Coefficients across the conditional price distribution: strongly negative at low quantiles, reversing at the upper tail.

Output: output/tables/tab_quantile_did.tex, output/figures/fig_14_quantile_did.pdf.

Interpretation

The benefits of open competition concentrate at the lower quantiles of the conditional price distribution: \(\tau \leq 0.50\) shows strongly negative coefficients. At \(\tau = 0.90\), the effect reverses to positive — possibly reflecting specialized items with thin supplier markets where opening the auction up admits a price-raising selection of non-SMEs (e.g., specialized medical equipment from a small pool of qualified suppliers).
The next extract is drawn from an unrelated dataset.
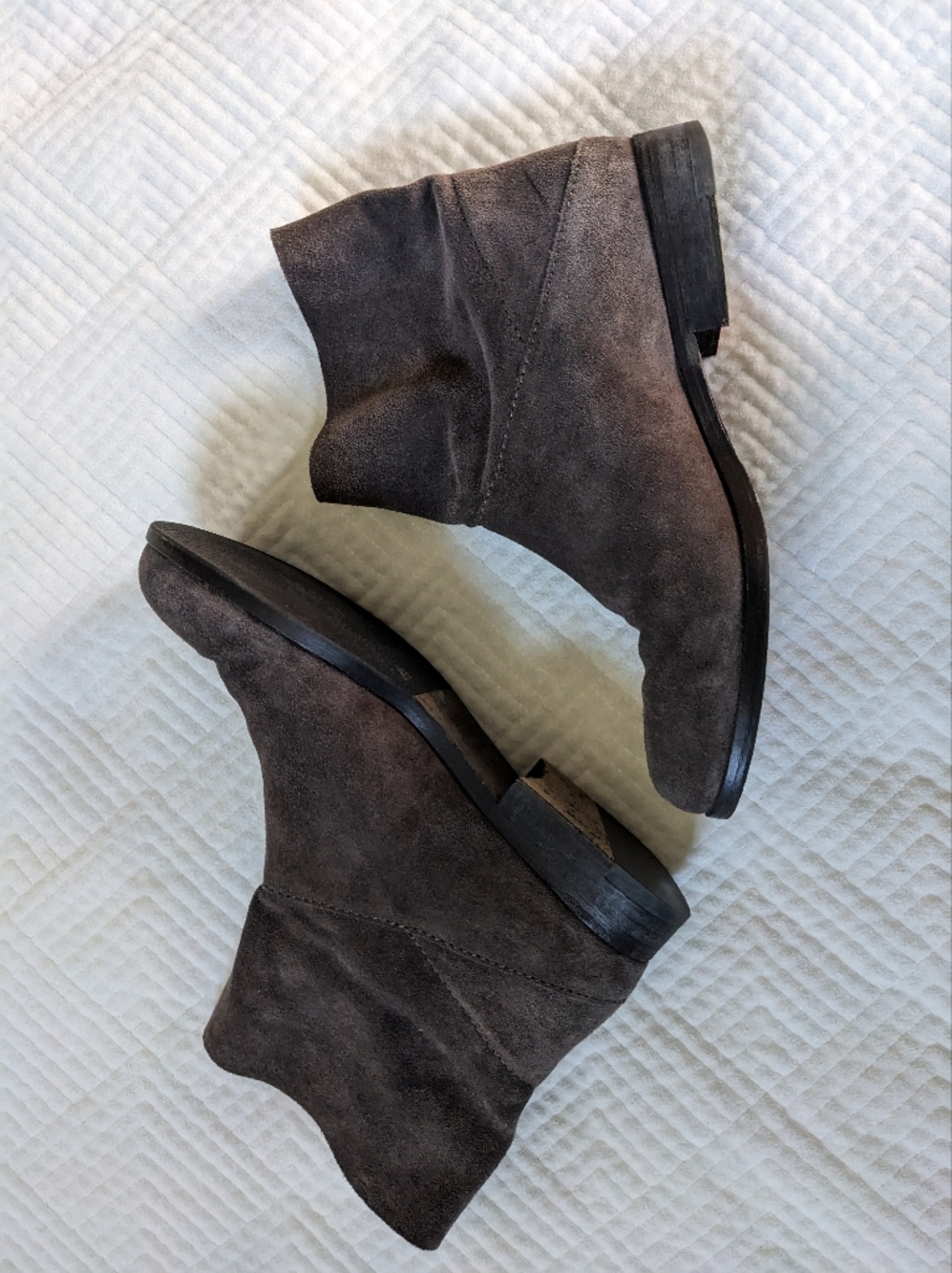 Eileen Fisher Italian Suede Boots Jaunt Bootie Women Size 10 Gray Short Pull On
The OLS benchmark (−0.124) sits between the median quantile DiD (−0.356) and the \(\tau = 0.75\) coefficient (+0.031), illustrating that the mean coefficient is not a clean summary of the distributional impact.

Confidence: yellow. The distributional reading is informative but the standard errors are larger than for the mean coefficient. The direction at the lower quantiles is robust; the reversal at \(\tau = 0.90\) is the most-interesting and most-uncertain finding.

Follow-ups

  • Item-class decomposition of the upper-tail reversal: which item subcategories drive the positive coefficient at \(\tau = 0.90\)? Specialized medical equipment vs reagents vs disposables.
  • A Frandsen-Lalive-Reinhold conditional-quantile decomposition could isolate composition effects (different items being completed in pre- vs post-period) from genuine distributional shifts in price formation.